# Daconil question



## Hera (Sep 10, 2012)

I've been battling a fungal problem on my phals and I purchased Daconil in a ready to use container. When I spray it, it looks rather thick and gel-like. Will it hurt my plants more than help and / or should I be thinning it down? I don't have experience with fungicides in general so I'm clueless here.


----------



## cnycharles (Sep 10, 2012)

sounds a bit funny, but it should be used the way the container states. however, if there is the chance that something happened when the container was stored and was heated way too much or something else, maybe a call or email to the store or manufacturer mentioning the thickness when sprayed, is it normal etc might be a good thing. maybe it just really needs to be shaken alot before using so that it isn't really thick at the bottom of the container?


----------



## SlipperFan (Sep 10, 2012)

I've never used Daconil from a ready-to-use container, but thick doesn't sound right. Even the concentrate is a thin solution. I agree with Charles -- check with the store or manufacturer.


----------



## naoki (Sep 11, 2012)

Hera, I've used Bonide version of ready-to-use Daconil. I think it is called Fung-onil, but the active ingredient is the same Chlorothalonil. It is a bit thicker (slightly higher viscosity) than Phyton-27 or Physan-20, but I wouldn't say it is "gel" like. It has a little bit milky color, is this what you mean by "gel-like". I haven't killed any paphs/phals by spraying Daconil.


----------



## goldenrose (Sep 11, 2012)

I've used Daconil, don't remember being gel-like like others have said, but yes thicker. Did you shake it up before spraying? If you got it at a big box store, don't bother asking them, the manufacturer usually has a phone # on the label.
Time to bring out the dragon's blood? or the peppermint soap?


----------



## stefpix (Sep 11, 2012)

it comes thick.


----------



## NYEric (Sep 11, 2012)

Solution. Ditch Phals for Paphs and Phrags!


----------



## goldenrose (Sep 11, 2012)

NYEric said:


> Solution. Ditch Phals for Paphs and Phrags!


:rollhappy::rollhappy:
and I should know better but I still keep trying them! I use to think that my GH temps got a bit to cool for their liking but there's that cute compact fuchsia noid that does just great year after year with very little maintenance !


----------



## NYEric (Sep 11, 2012)

keep that one then!


----------



## Hera (Sep 11, 2012)

I purchased a bunch of seedling over the years from Peter Lin and they have great potential. I'm afraid I'm attatched to them Eric. It's just been frustrating because they are the only plants showing fungal problems. Now that Rose has mentioned it I wonder if the basement is too cool for them. Maybe I 'll bring them back upstairs to the window. 

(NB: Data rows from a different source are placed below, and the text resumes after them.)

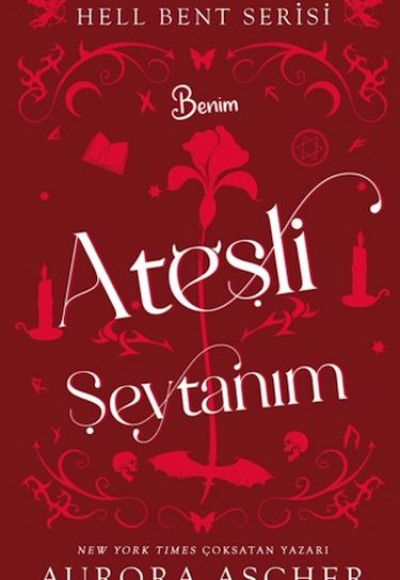 Benim Ateşli Şeytanım Benim Ateşli Şeytanım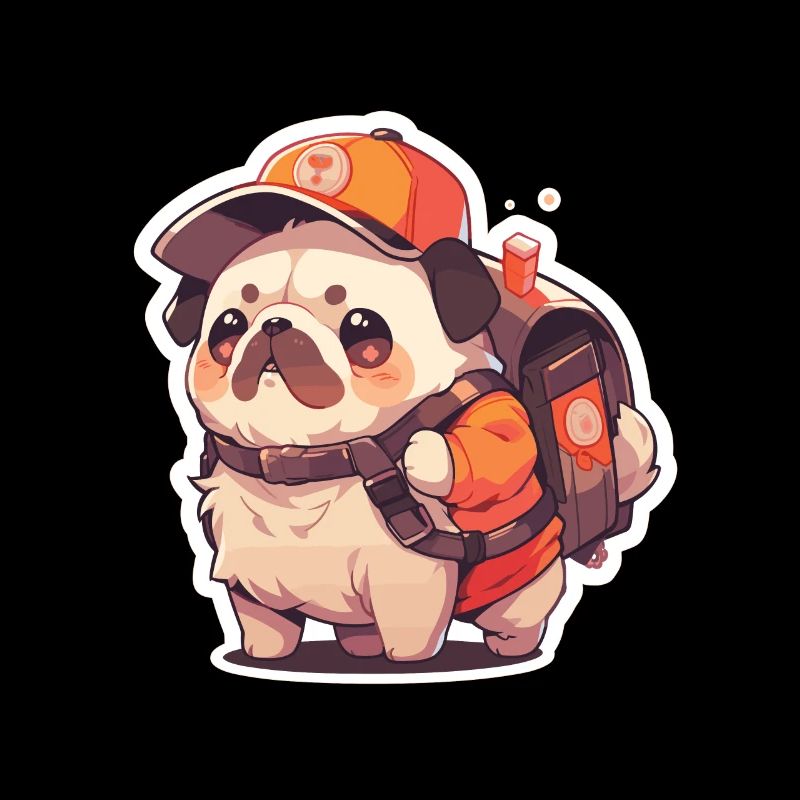 Mops Mops Hund Mops Geschenke Mops Liebhaber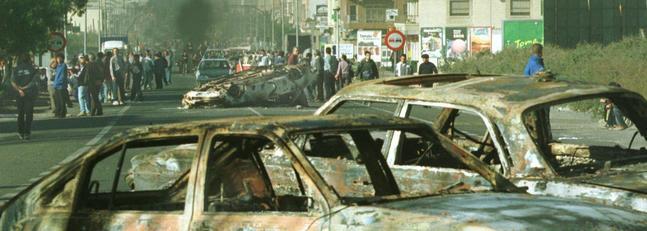 El Ejido, diez años de los linchamientos racistas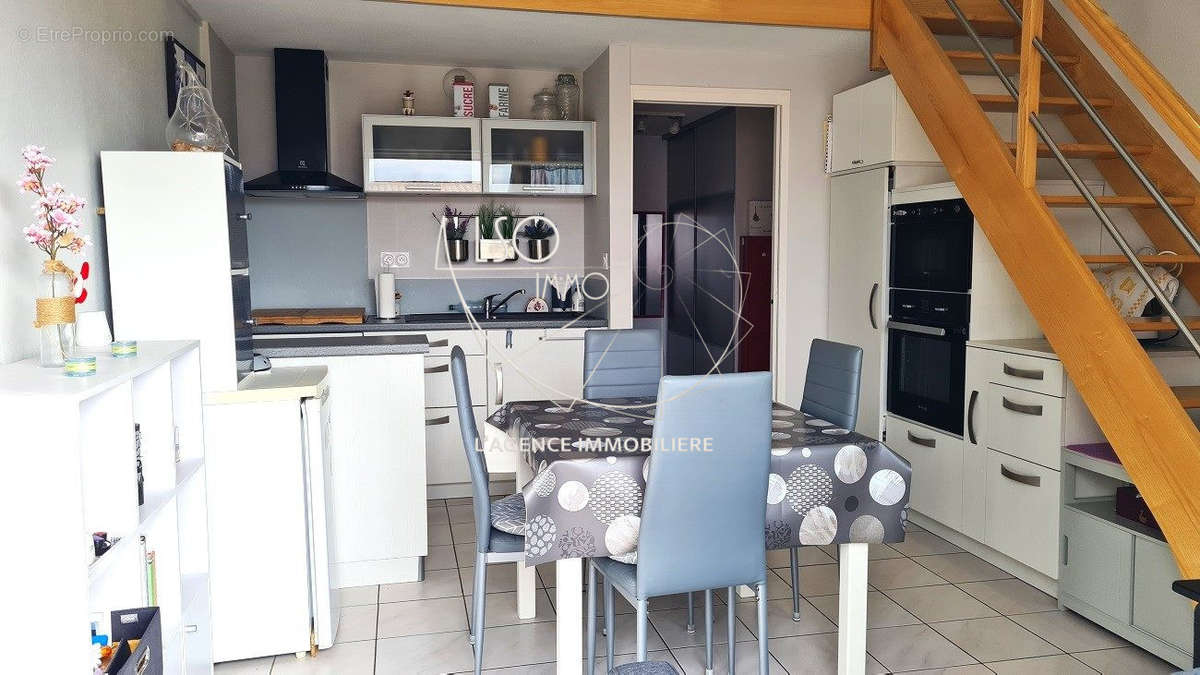 Appartement à LES SABLES-D&#039;OLONNE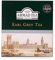 Ahmad Tea Earl Grey Schwarzer Tee 100 Teebeutel mit Band/Tagged, 200 g
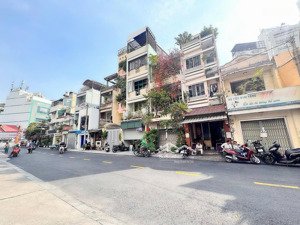 hiếm- bán nhà 4 tầng mtkd đ.nguyễn văn nguyễn, q.1- dt 90m2 4m*22m- hdt đều 50tr/th- view cc horion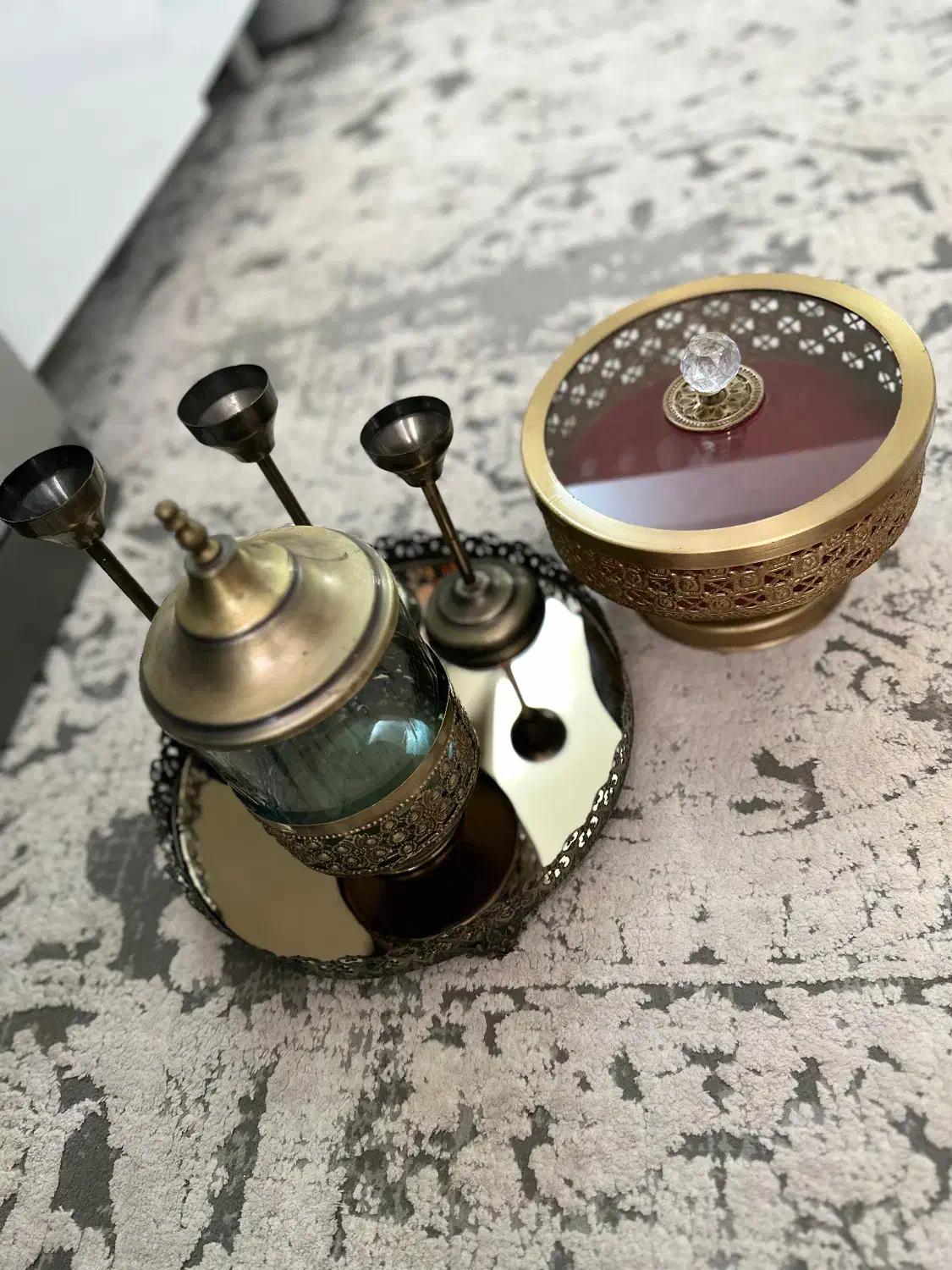 ظرف پذیرایی|ظروف سرو و پذیرایی|کرج, حسن آباد|دیوار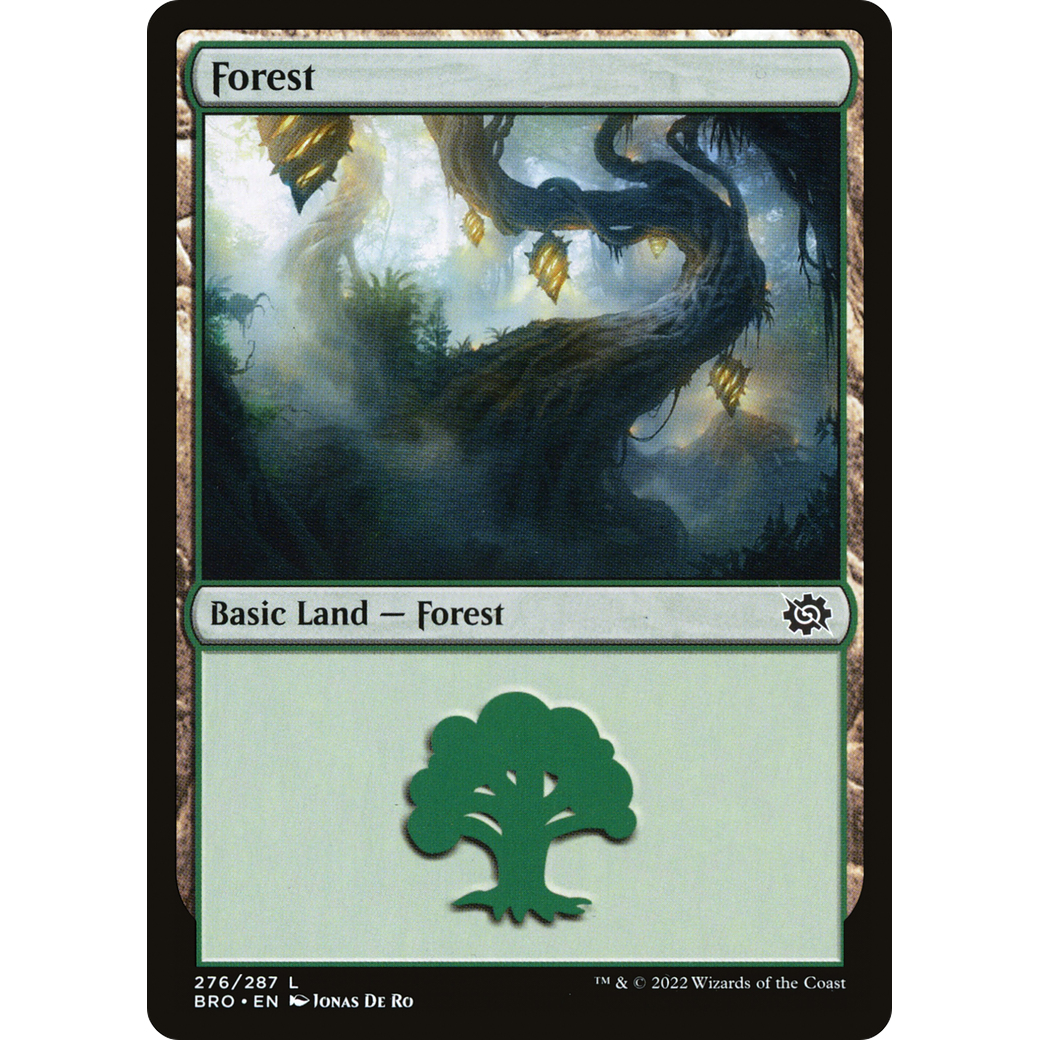 Forest (276) (BRO-276) - The Brothers' War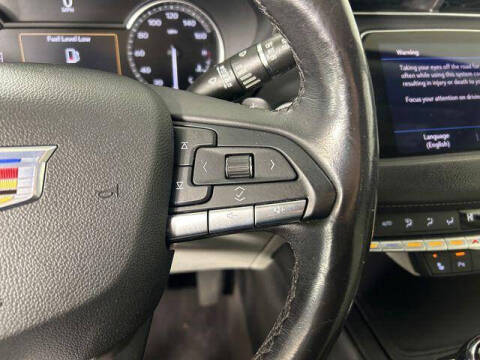 2023 Cadillac XT4 Luxury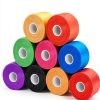 Wmmifck 3rd Gen Athletic Pre‑Wrap Tape 9‑Roll Pack Multi‑Color-0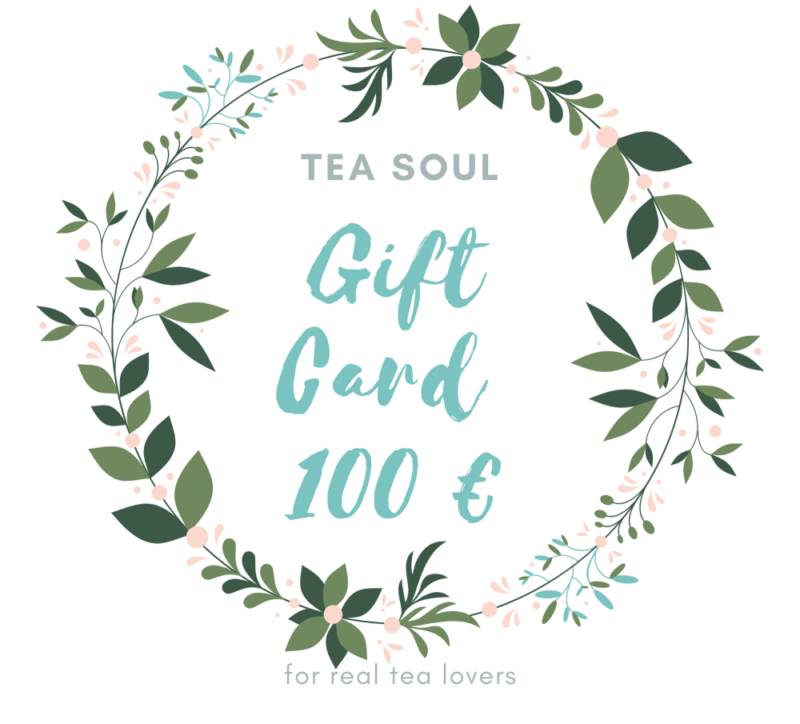 gift card Tea Soul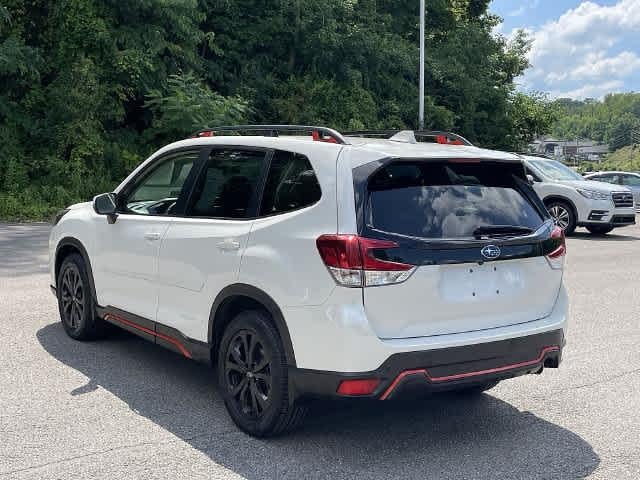 2023 Subaru Forester Sport
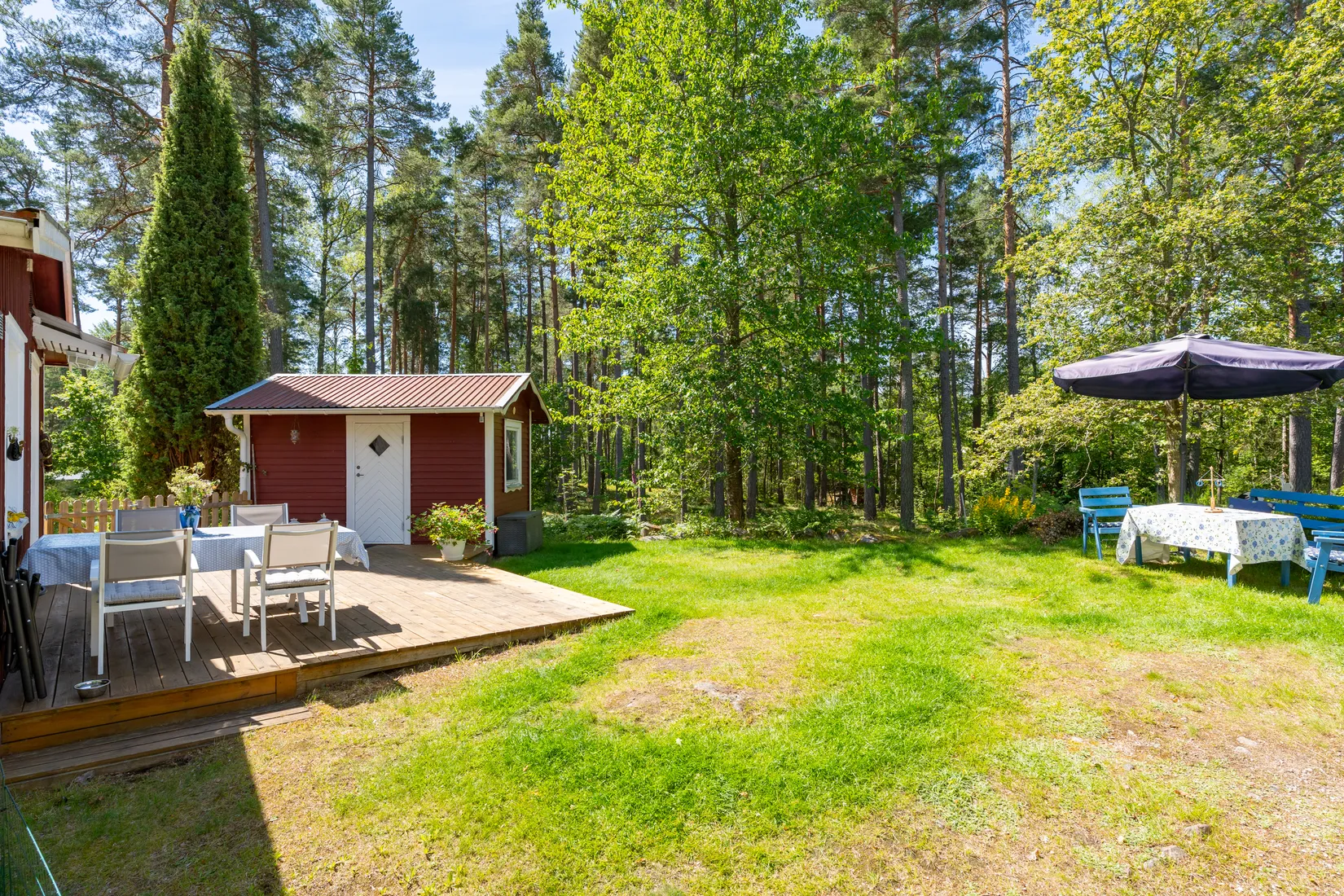 Fritidshus, Skräddartorpsvägen 21, Mälby, Eskilstuna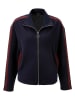 Aniston Sweatjacke in Dunkelblau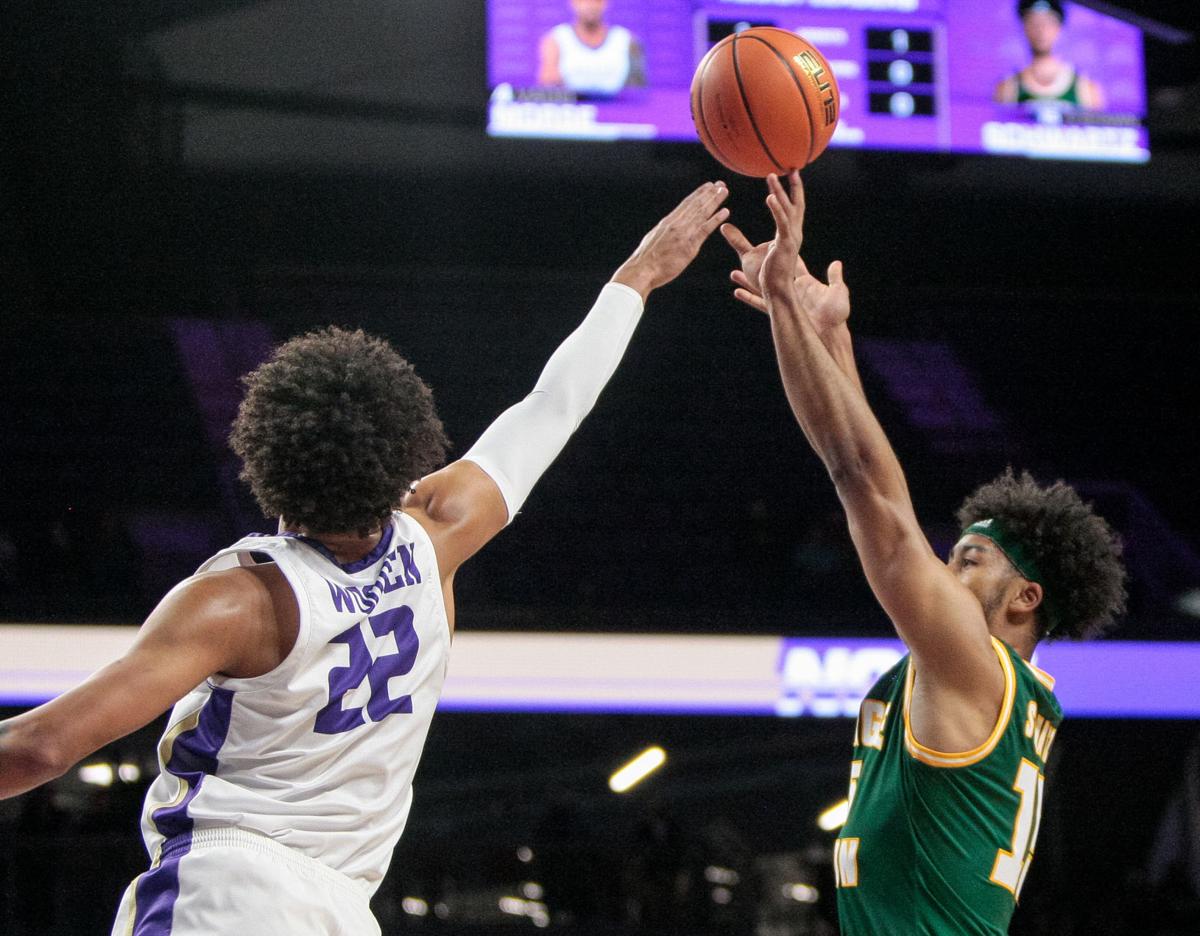 JMU vs. George Mason Basketball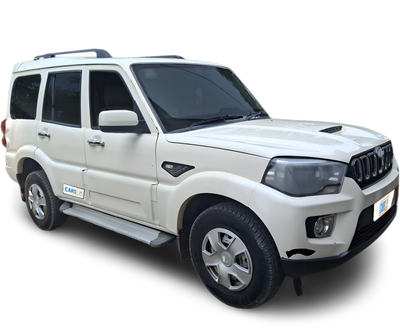 Mahindra Scorpio-img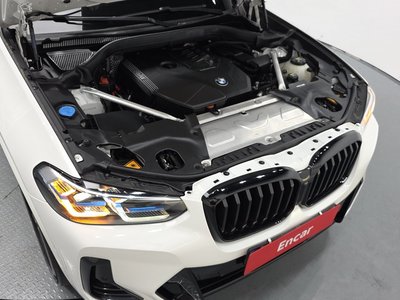 2022 BMW X3 photo 7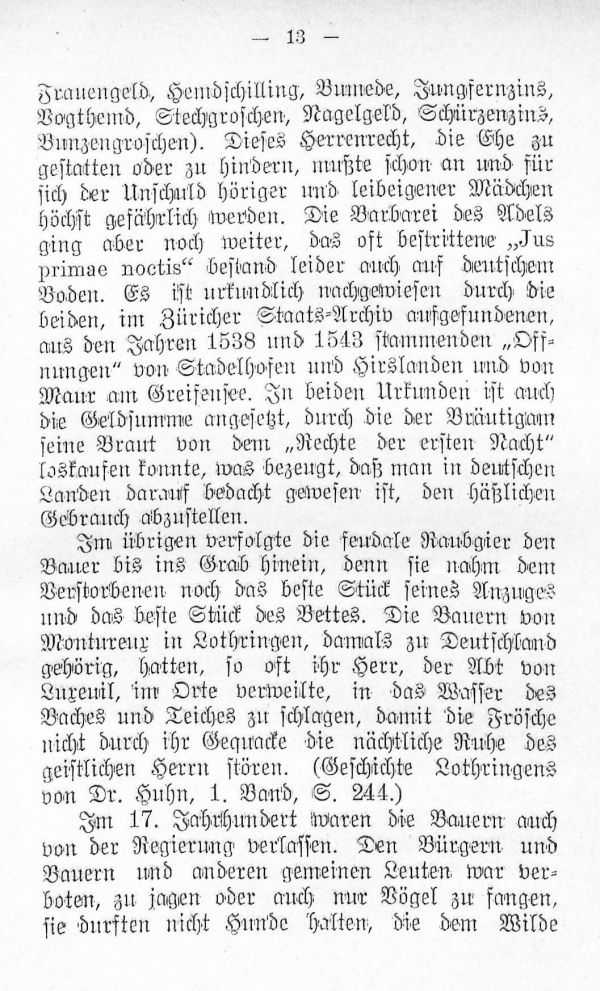 Untertänigkeitsverhältnis und Robot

Anyway, thanks for all the comments. It is thick and milky. I've been speading it across the leaf instead of just spraying and just on a few plants until I see how it affects them. No need to lose the whole bunch. 

What's pepermint soap?


----------



## NYEric (Sep 11, 2012)

Dr. Brown's. It is a horticultural soap it cleans and I use it with neem, alcohol, and Merit 75 as an insecticide.


----------